__Task statement__. In the copy, include no pictures, but reproduce every record exactly.

[[ Data extract, beginning ]]

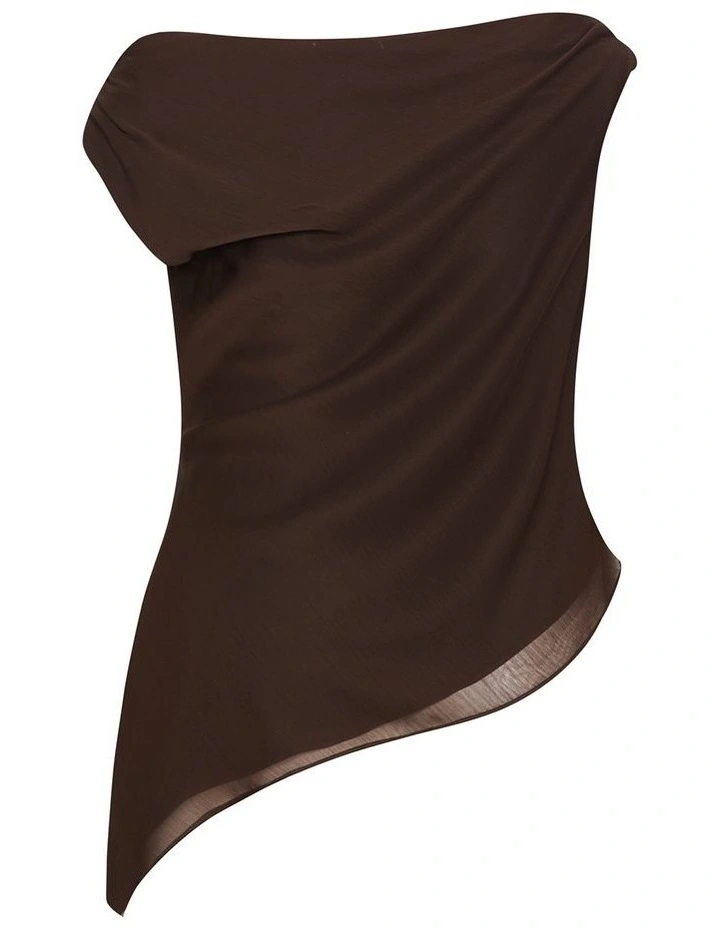 Skyla Off Shoulder Top in Chocolate image 4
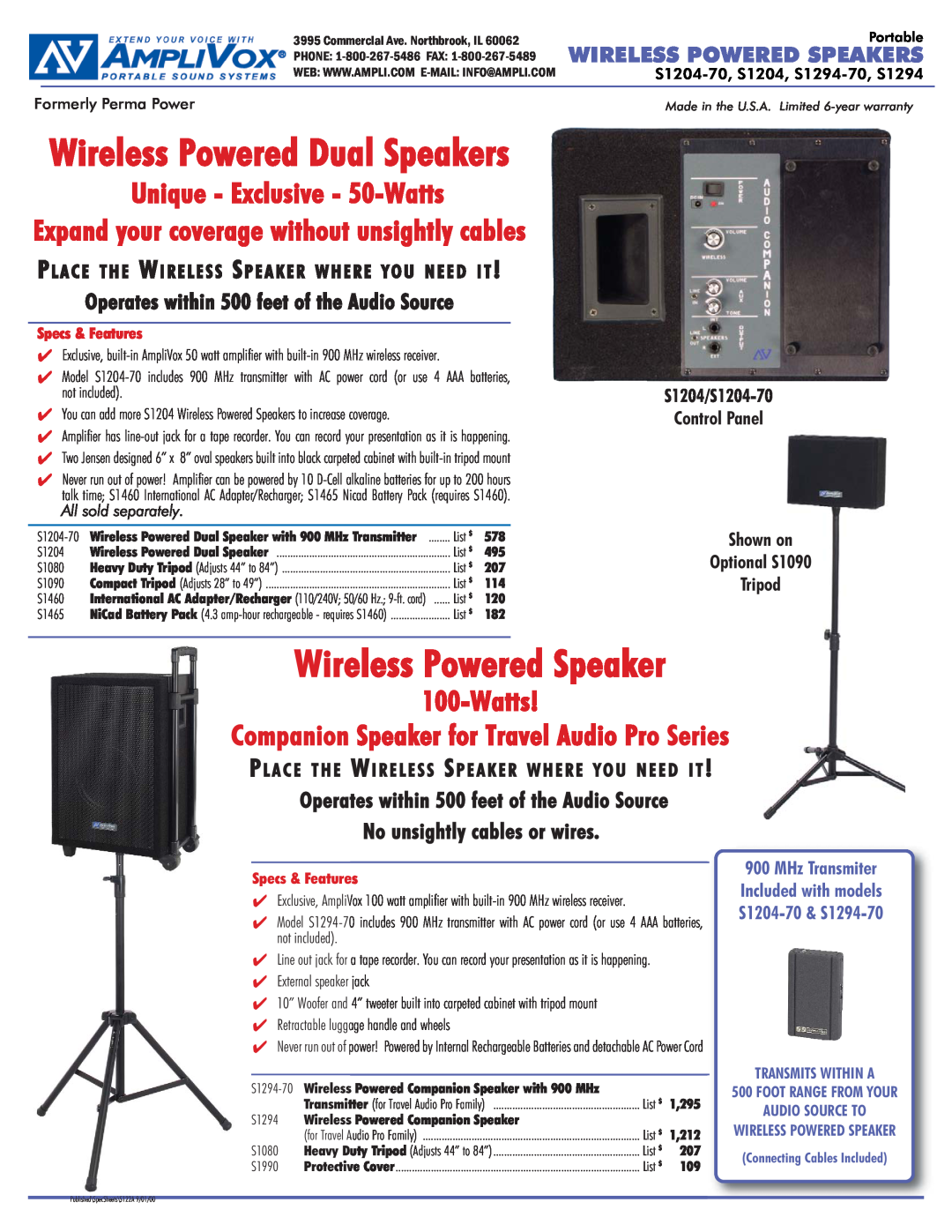 AmpliVox manual Wireless Powered Speaker, MODEL S1204-70USE FOR SW227, Dual Module Speaker with 169.445 MHz Transmitter 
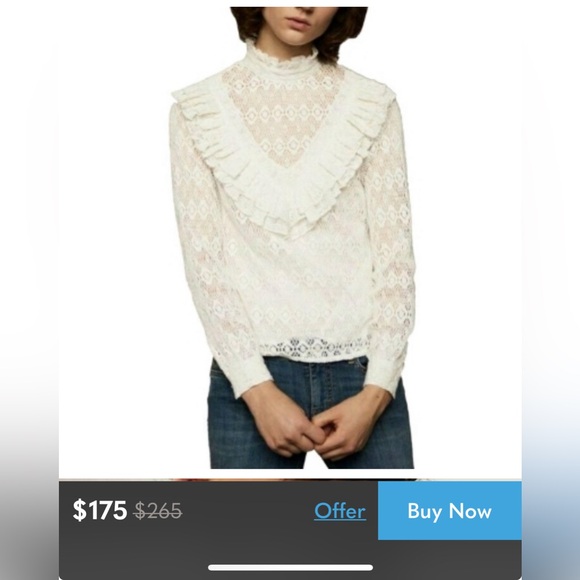 MAJE Limba Long Sleeve High Neck Lace Top Blouse in BLACK - Picture 9 of 11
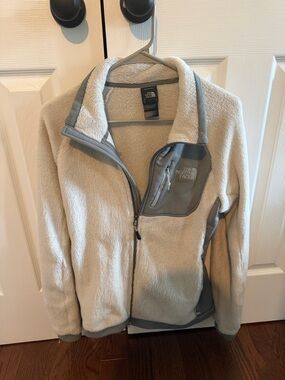 The North Face Women's Cream and Gray Teddy Fleece Jacket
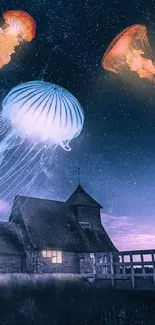 A serene cottage under a starry sky with glowing jellyfish floating above.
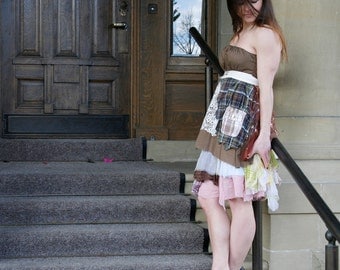 50% SALE upcycled clothing, ethical fashion, strapless tattered apron dress . S - M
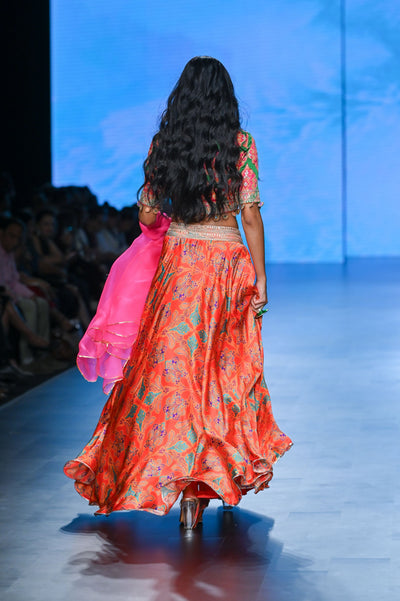 Gulal Mulit Printed Embroidered Lehenga Set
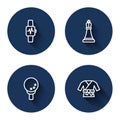 Set line Smart watch with heart, Chess, Golf ball on tee and Kimono with long shadow. Blue circle button. Vector Royalty Free Stock Photo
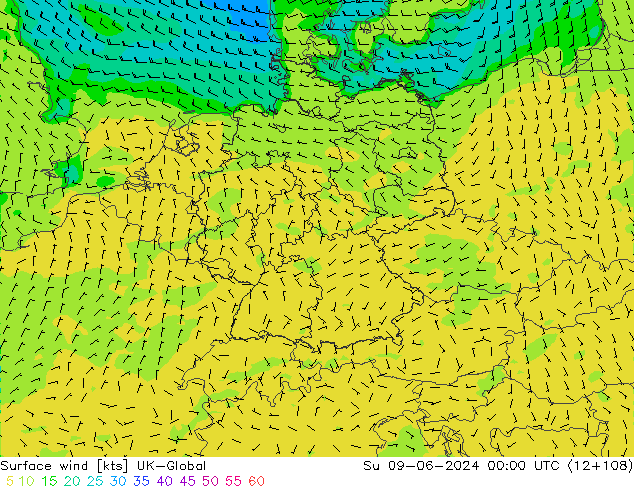wiatr 10 m UK-Global nie. 09.06.2024 00 UTC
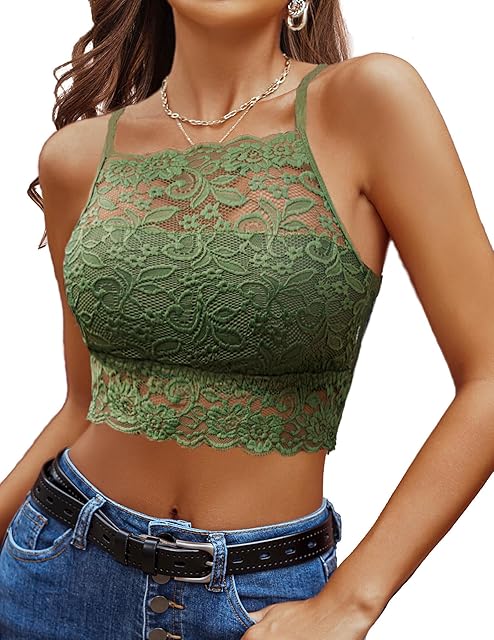 Lace Bralette for Women High Neck Camisoles Racerback Double-Layered Crop Top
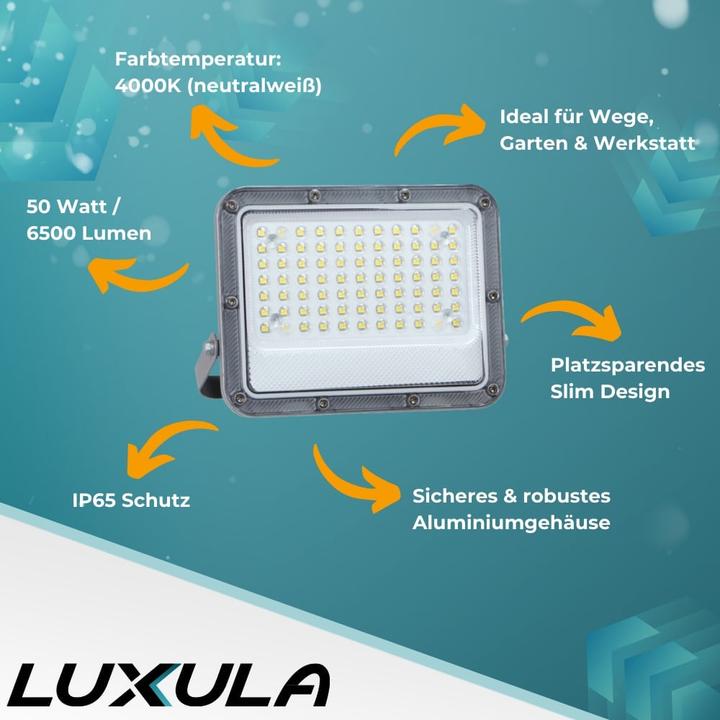 Produktbild Luxula LED-Fluter, EEK: E, 50W, 6500lm, 4000K, IP65, grau (6500 lm, IP65)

[[ Data extract, end ]]

__Result for this exercise__.
 Skyla Off Shoulder Top in Chocolate image 4
 AmpliVox manual Wireless Powered Speaker, MODEL S1204-70USE FOR SW227, Dual Module Speaker with 169.445 MHz Transmitter 
 MAJE Limba Long Sleeve High Neck Lace Top Blouse in BLACK - Picture 9 of 11
 The North Face Women's Cream and Gray Teddy Fleece Jacket
 A serene cottage under a starry sky with glowing jellyfish floating above.
 50% SALE upcycled clothing, ethical fashion, strapless tattered apron dress . S - M
 Gulal Mulit Printed Embroidered Lehenga Set
 Set line Smart watch with heart, Chess, Golf ball on tee and Kimono with long shadow. Blue circle button. Vector Royalty Free Stock Photo
wiatr 10 m UK-Global nie. 09.06.2024 00 UTC
 Lace Bralette for Women High Neck Camisoles Racerback Double-Layered Crop Top
 Produktbild Luxula LED-Fluter, EEK: E, 50W, 6500lm, 4000K, IP65, grau (6500 lm, IP65)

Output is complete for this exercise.